Personally I LOVE it! It’s probably one of the easiest recipes to prepare for the holidays and adds a whole world of complimentary flavors to your meats. OH and it pairs so beautifully with Brie! YUM!
I do enjoy that tart sweet taste and have been known to have it on hand during the colder weather … it’s gorgeous used for the Cranberry Cream Cheese Pastries and I also enjoy adding it to my toasted chicken, turkey, pork or brie sandwiches. YUM!
One thing that I do once I see the fresh cranberries hit the shelves, is to buy several bags at a time and then freeze them. They keep really well in the freezer and then I’m sure to have them on hand if I ever want to make a batch of Cranberry muffins or cookies.
For this recipe, I have simply pimped up the basic recipe that you find on the back of the bag … think the warmth cinnamon and a hint of orange.

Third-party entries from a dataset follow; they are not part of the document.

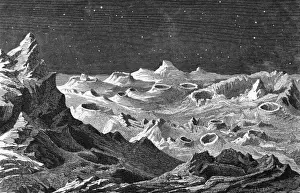Stampe di I crateri degli antichi vulcani testimoniano del violento passato della Luna. Data: circa 1880 Esplorazione Dello Spazio Stampe: Paesaggio Lunare Irregolare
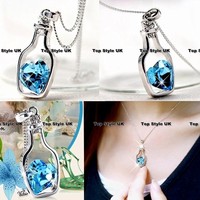 Unique Bottle Heart Crystal Necklace Birthday Gifts Best Friend Thank You Gifts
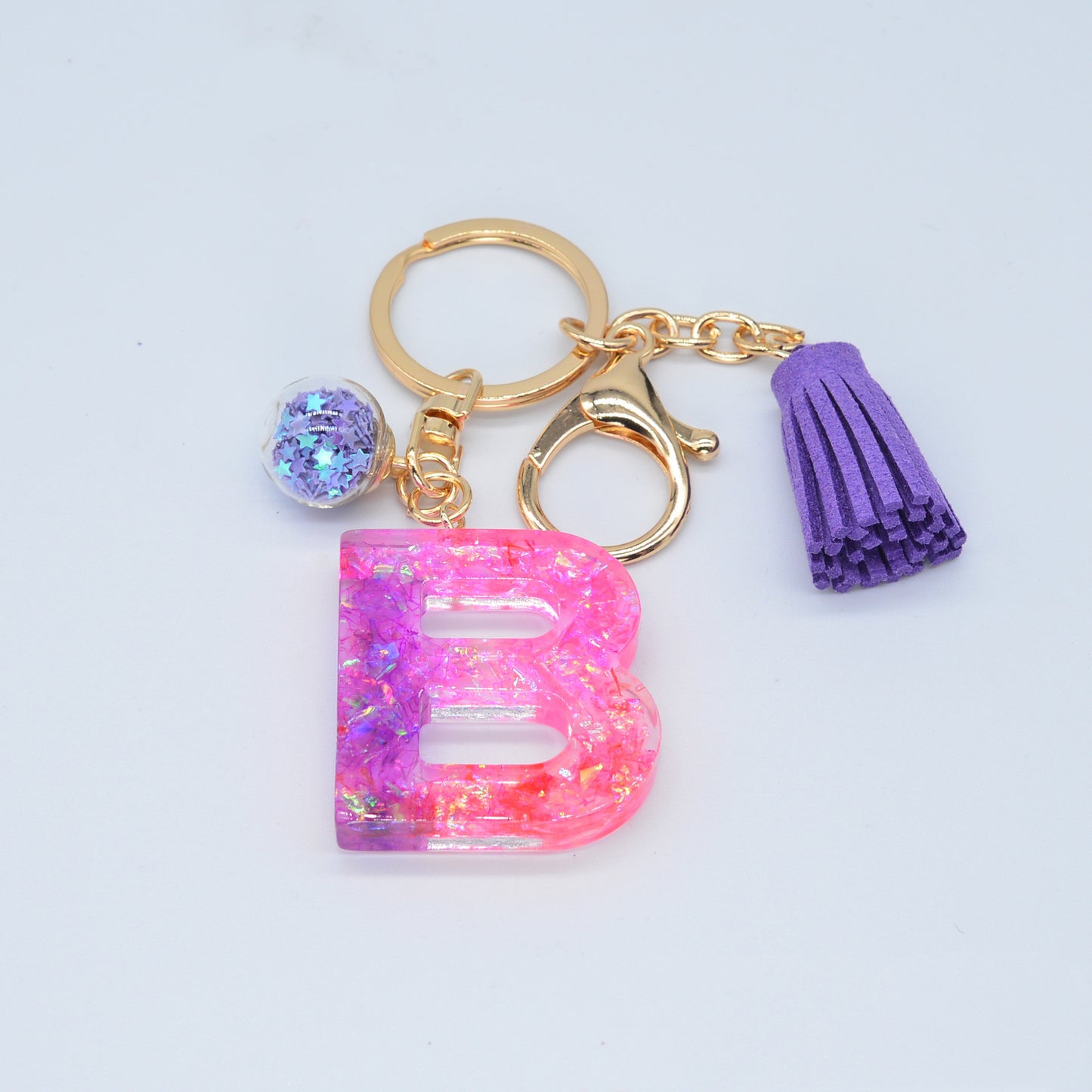 Resin Purple Epoxy English Keychain - Frazeshop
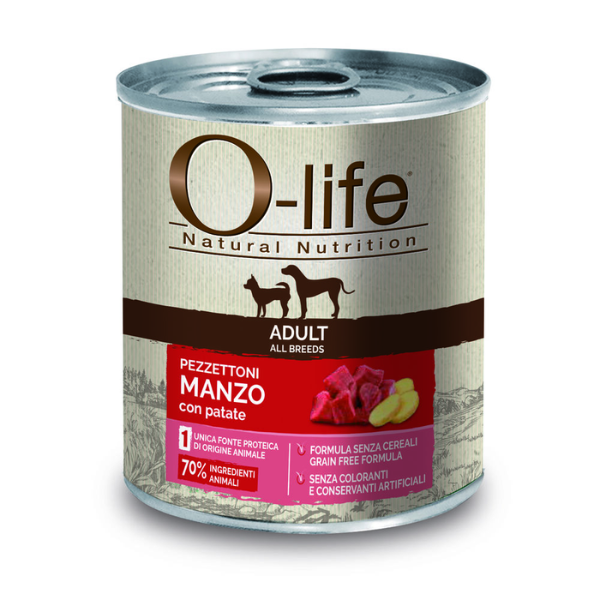 Image of O-life Dog Adult Grain Free Pezzettoni monoproteici 400 gr - Manzo e patate - Umido Monoproteico Cane - SPEDIZIONE GRATIS 1° ORDINE + scegli lo sconto BZR5 / BZR20010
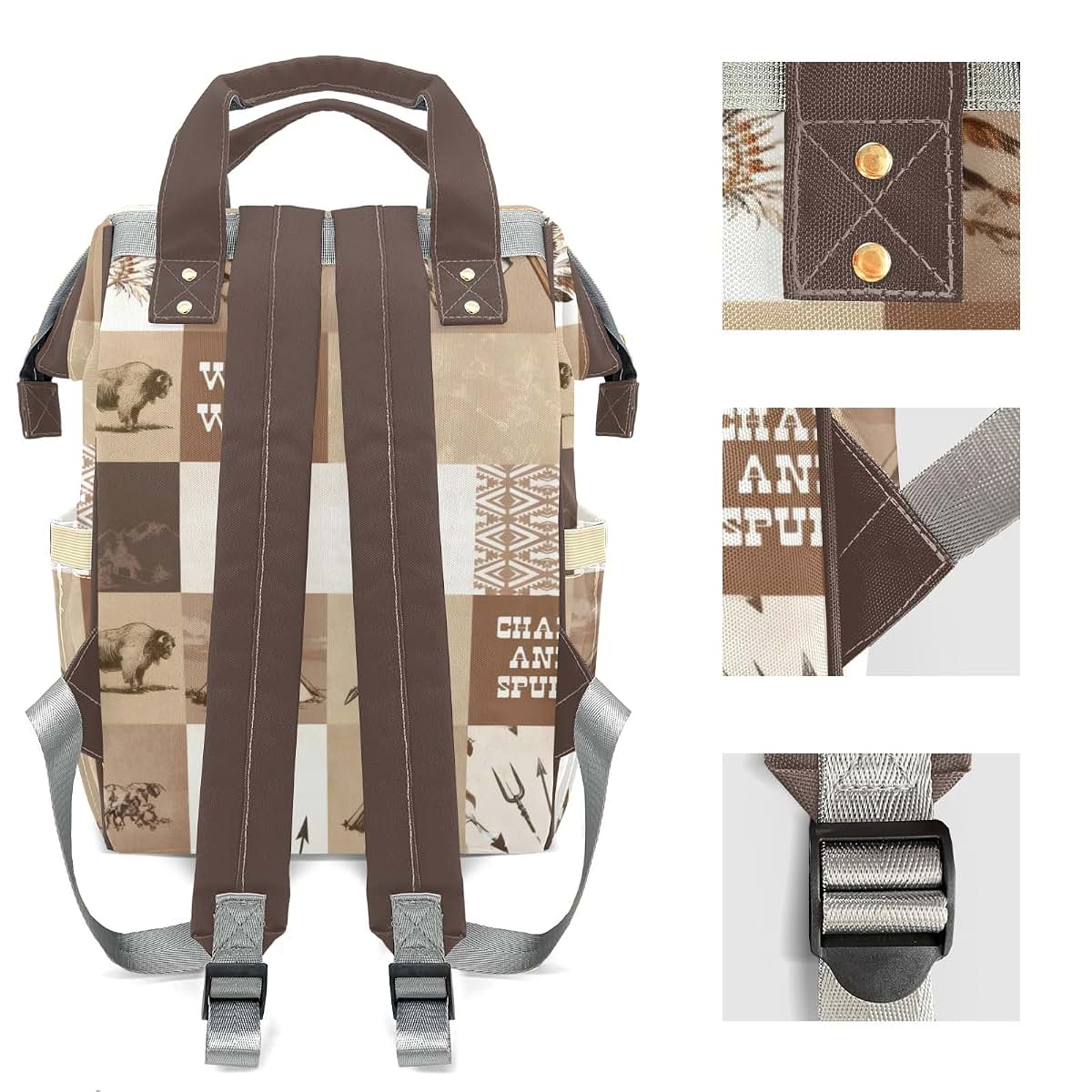YallLocoMo Personalized Diaper Bag Backpack Name West Cowboy Life Wild Large Capacity Nappy Bag: Designed for Travel & (photo 4)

It is lovely indeed!
I do hope and pray that you all have a safe and wonderful Holiday Season! If you are travelling, take your time and be safe. If you are hosting a Christmas spread … stay sane (lol – advice to myself) and enjoy!
Be Blessed and Merry Christmas!
A pimped up version of the traditional Cranberry Sauce, with a hint of orange and the warmth of cinnamon!
- 1 (12 oz) bag of Cranberries, fresh or frozen
- 3/4 cup Sugar
- 1 tsp Cinnamon
- 1 cup Orange Juice
- Wash and rinse the Cranberries.
- Place all the ingredients in a small saucepan on high heat and bring to a boil.
- Reduce heat to medium - medium high and continue to boil gently for about 8 - 12 minutes, stirring occasionally.
- Take off heat and let cool for about 10 minutes and then transfer to serving dish.
- Can be served warm or cold.
- Keep in refrigerator covered for up to 1 week.